01 July 2026
(PHOTO COLLAGE: suspilne.media)
The decolonization of Odesa remains not only a political or cultural issue, but also a profound ideological debate. A new study has shown that a significant portion of the city’s young residents continue to accept Russian imperial narratives as indisputable historical truth, without even realizing their origins.
This was reported by Intent, citing a study by the NGO “History. Culture. Democracy,” conducted as part of the project “Odessa Overcomes the Russian Imperial Myth” (ODREAM).
The study aimed to examine how young Odessans who oppose the decolonization of urban space perceive the city’s history, its symbols, and Russian imperial narratives.
The study was conducted in the form of four two-hour focus groups. Participants included men and women aged 18 to 30 who have been permanent residents of Odessa for more than five years. Many respondents oppose the renaming of streets, the removal of imperial monuments, and, in particular, the relocation of the Pushkin monument.
As the researchers note, virtually all of the arguments made by opponents of decolonization are based on Russian imperial narratives that have been shaped over decades through the education system, cultural policy, monuments, national holidays, and the city’s public spaces.
The report states that for many young residents of Odessa, imperial symbols have become part of their personal identity. That is why they often perceive the renaming of streets or the relocation of monuments not as a historical reevaluation, but as an encroachment on their own past and their familiar way of life.

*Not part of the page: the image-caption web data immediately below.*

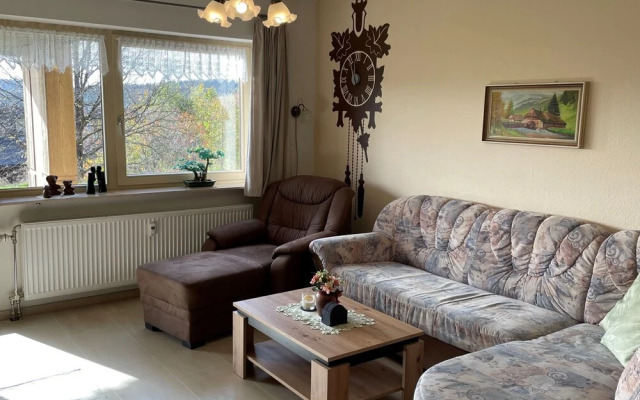 Schwarzwaldblick Schonach im Schwarzwald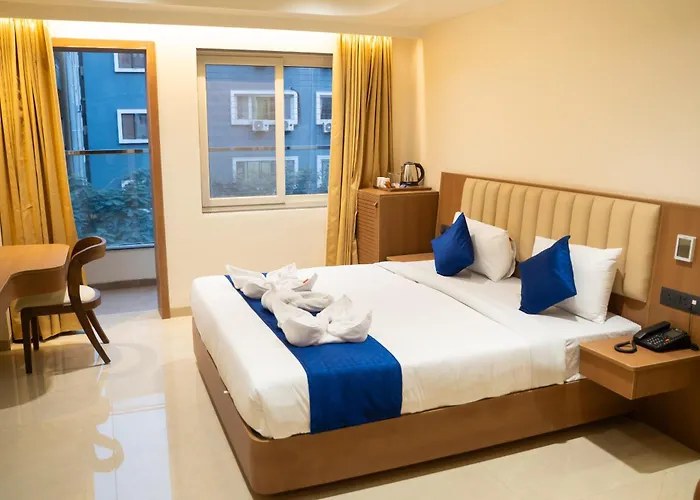 Aaa Urban Stay-Madhapur
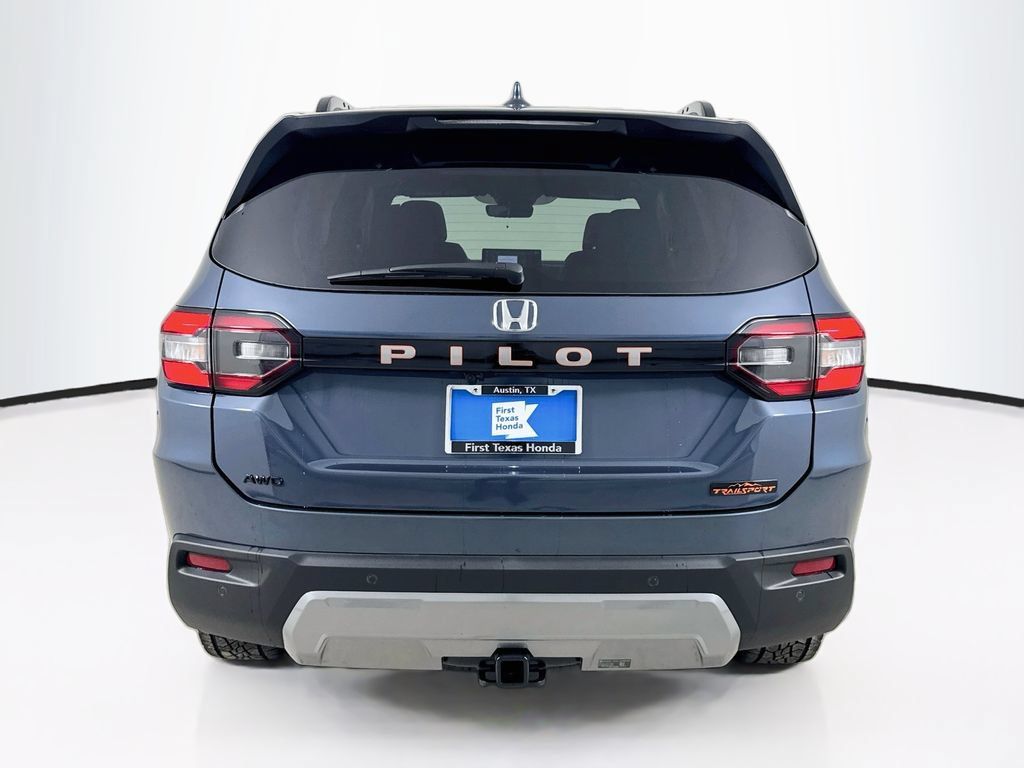 New 2026 Honda Pilot TrailSport image 6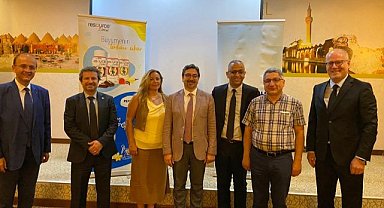 HRÜ'de çocuk hastalıkları ele alındı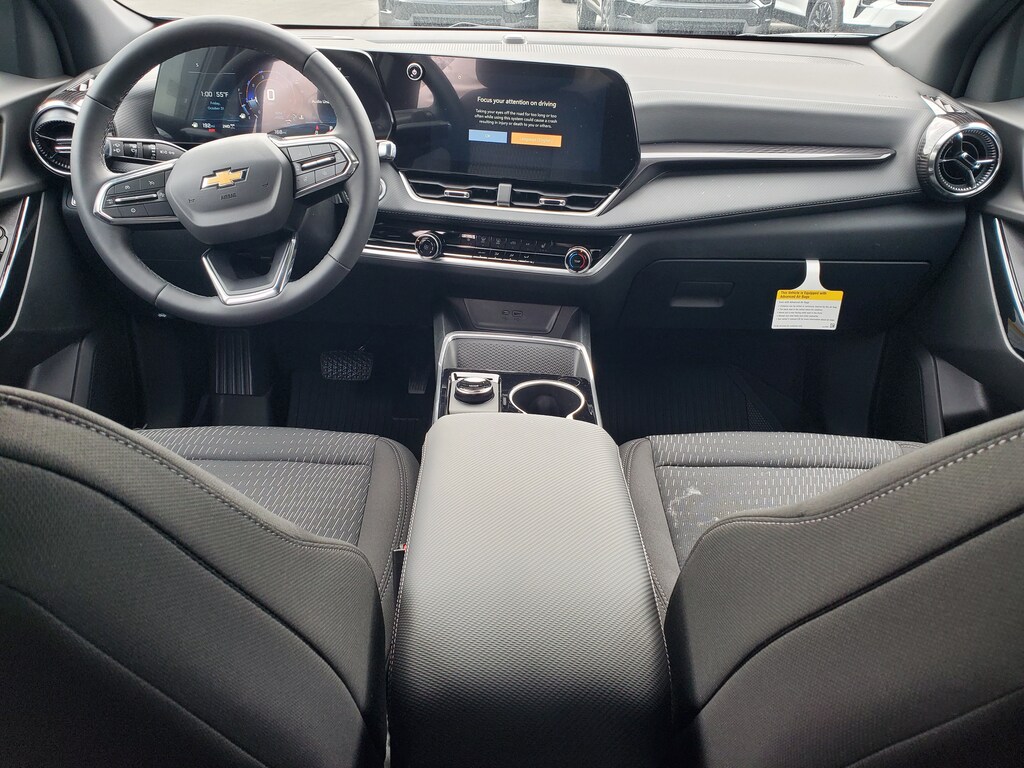 New 2026 Chevrolet Equinox LT SUV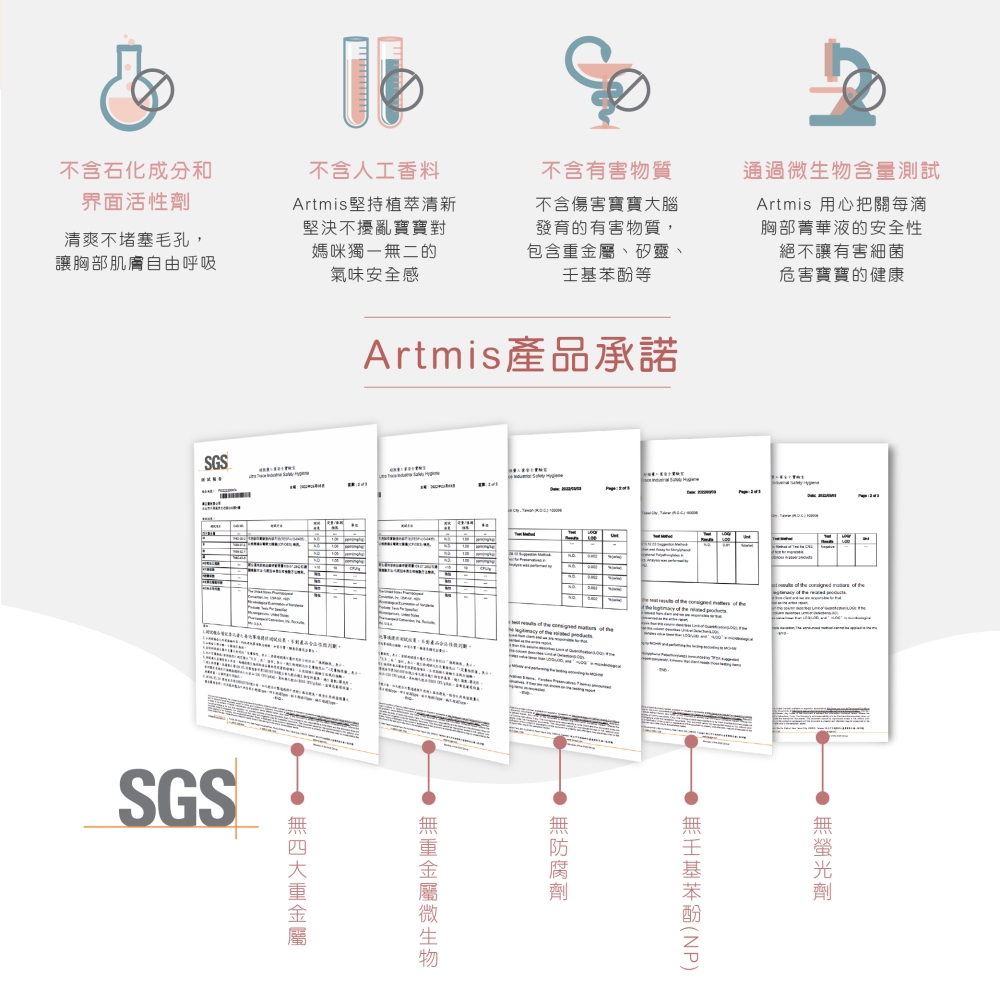 artmis 膜膜 修復 不適 舒緩 產後 保養 天然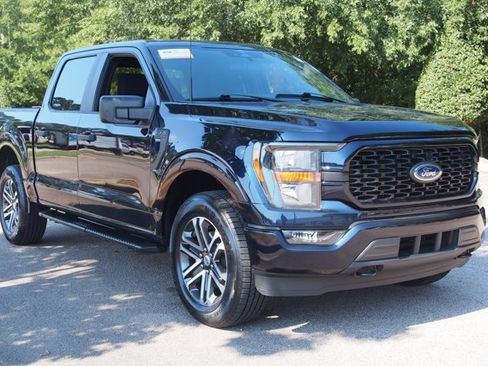Certified 2023 Ford F150 XL w/ STX Appearance Package AWD/4WD image 1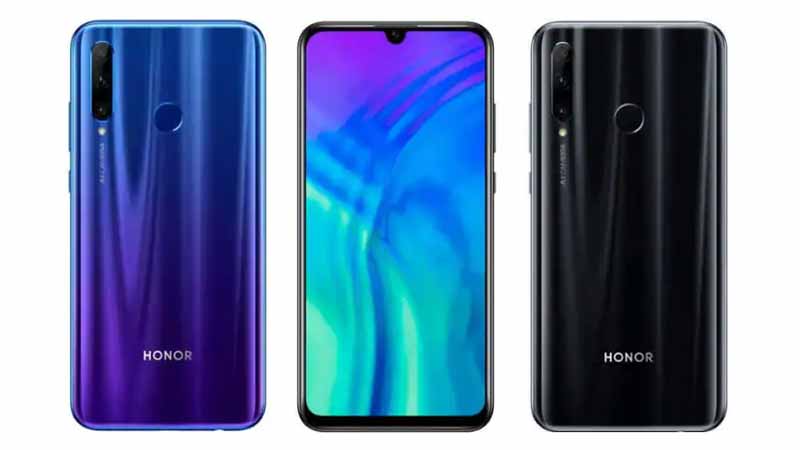 Honor 20 Lite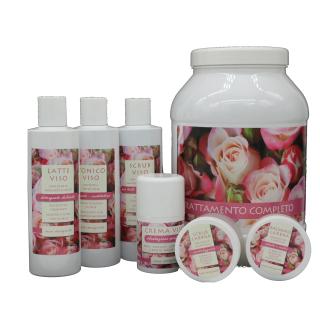 kit viso 6 prodotti ROSA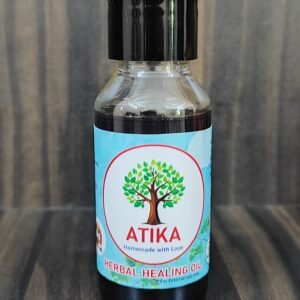 Healing Oil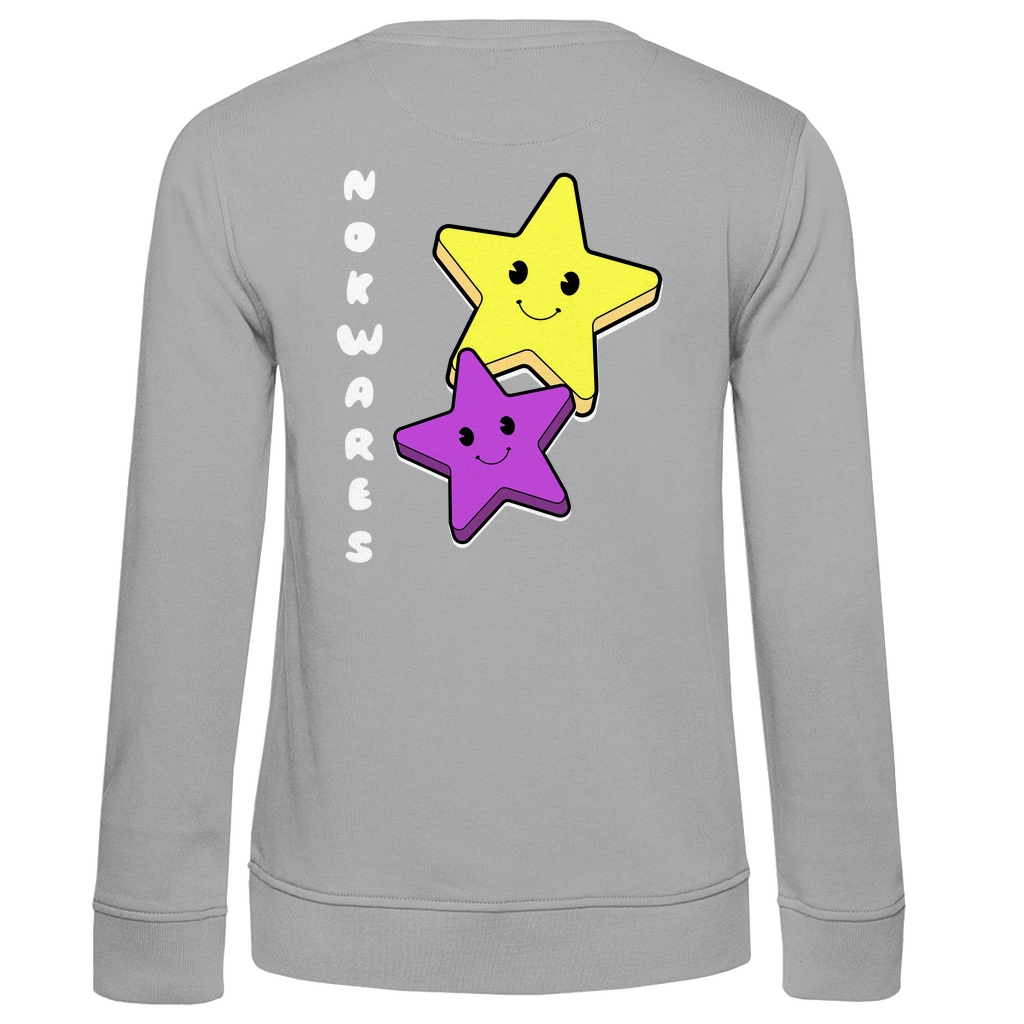 Sweatshirt Damen - Star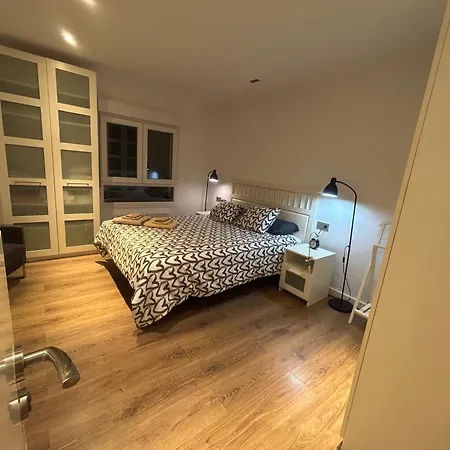 Apartamentu Na Playa En Xixon Cerca Del Centru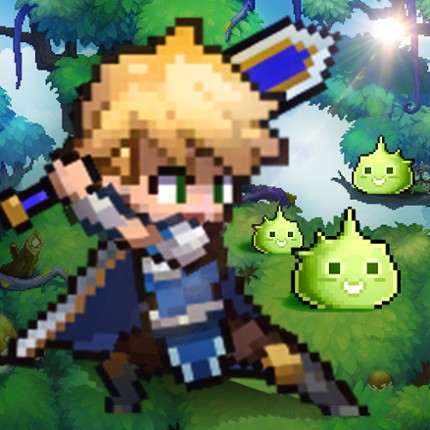 Anh Hùng Pixel Image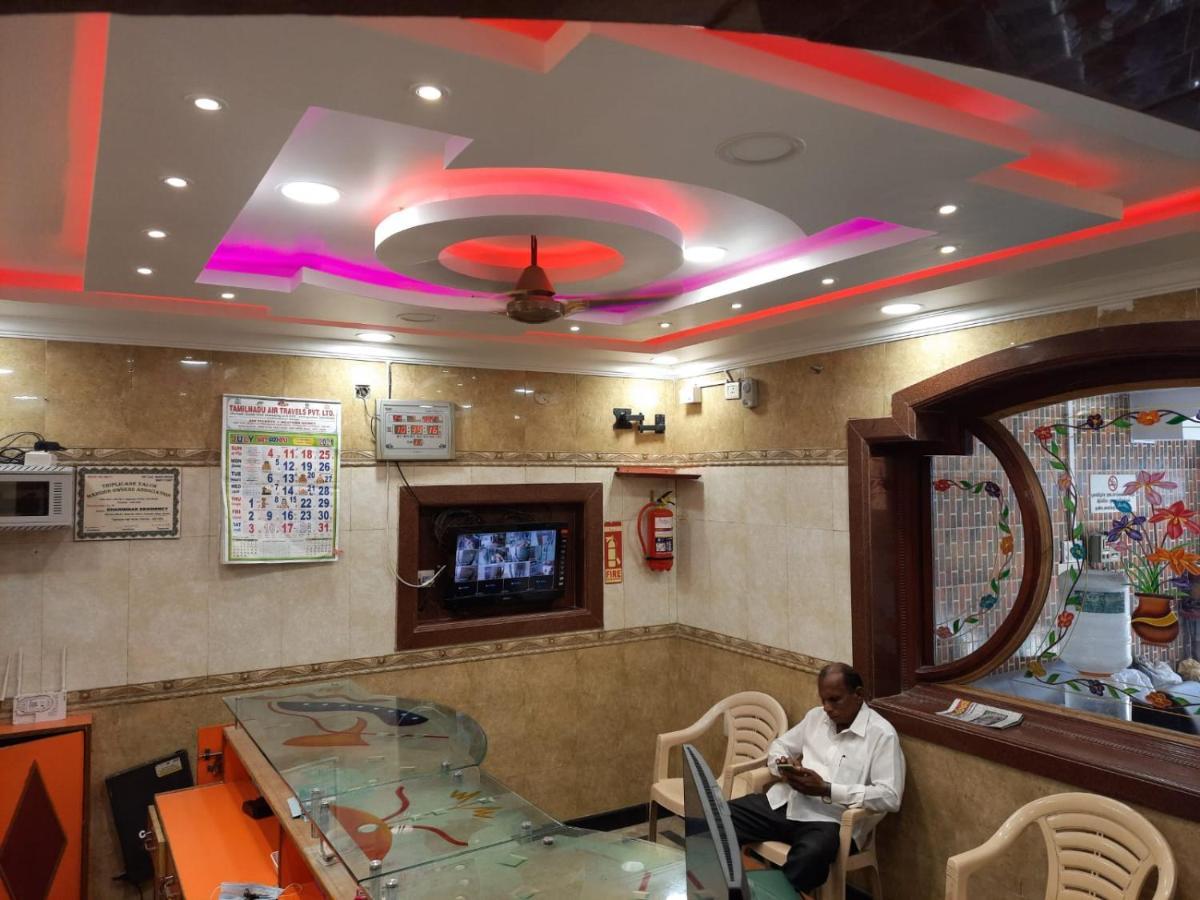 Charminar Residency Chennai Exterior foto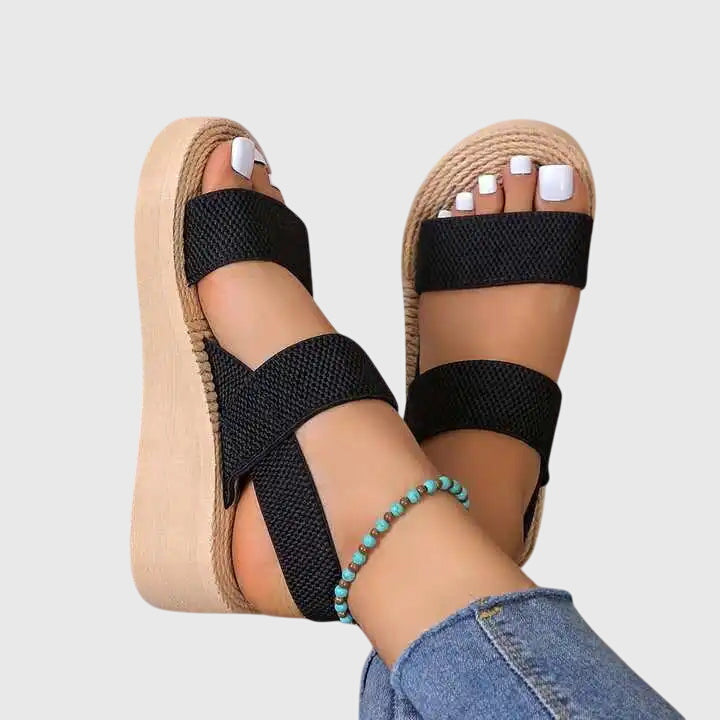 Kelsey | Elegant Orthopaedic Sandals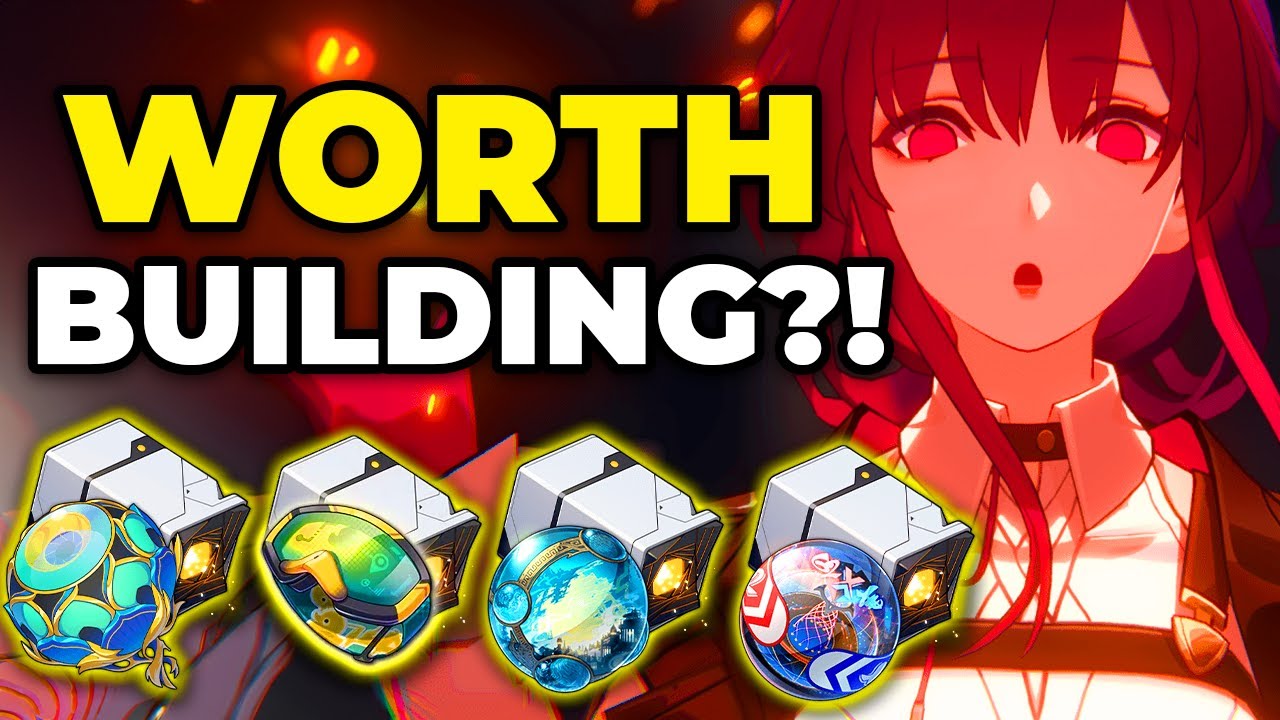 GAME CHANGING!? NEW 1.2 Relic Set & Planar Ornament Analysis | Honkai Star Rail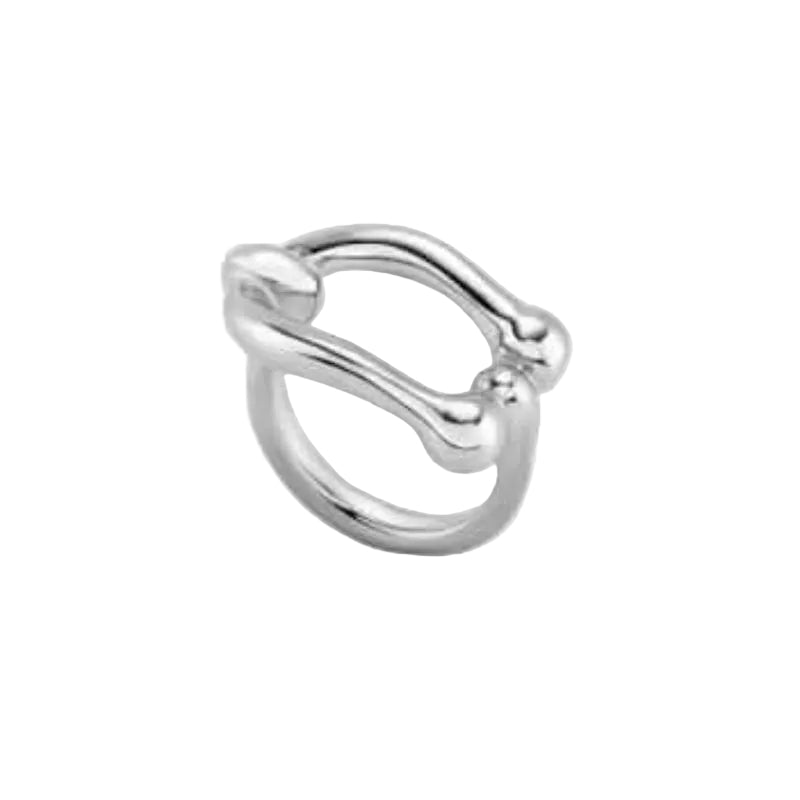 UNOde50 Youthful Women's Ring in Metal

The authors of the study also noted that many respondents view Odessa as a kind of “museum” that should not change. In their view, the city is associated first and foremost with the image of “old Odessa,” shaped by Russian imperial and Soviet traditions, while the modern Ukrainian context remains little known or secondary to them.
A separate section of the study focused on the language issue and the city’s literary heritage. Most participants were convinced that Odessa’s literature is exclusively in Russian. They named only the most famous figures, such as Pushkin, Ilf, and Petrov, while knowing almost nothing about Ukrainian writers whose lives and works are connected to Odessa.
According to the researchers, this pattern reflects the long-standing dominance of an imperial perspective on the city’s cultural history. They believe that many young people have internalized a certain set of historical notions as early as school, which has subsequently remained virtually unchallenged.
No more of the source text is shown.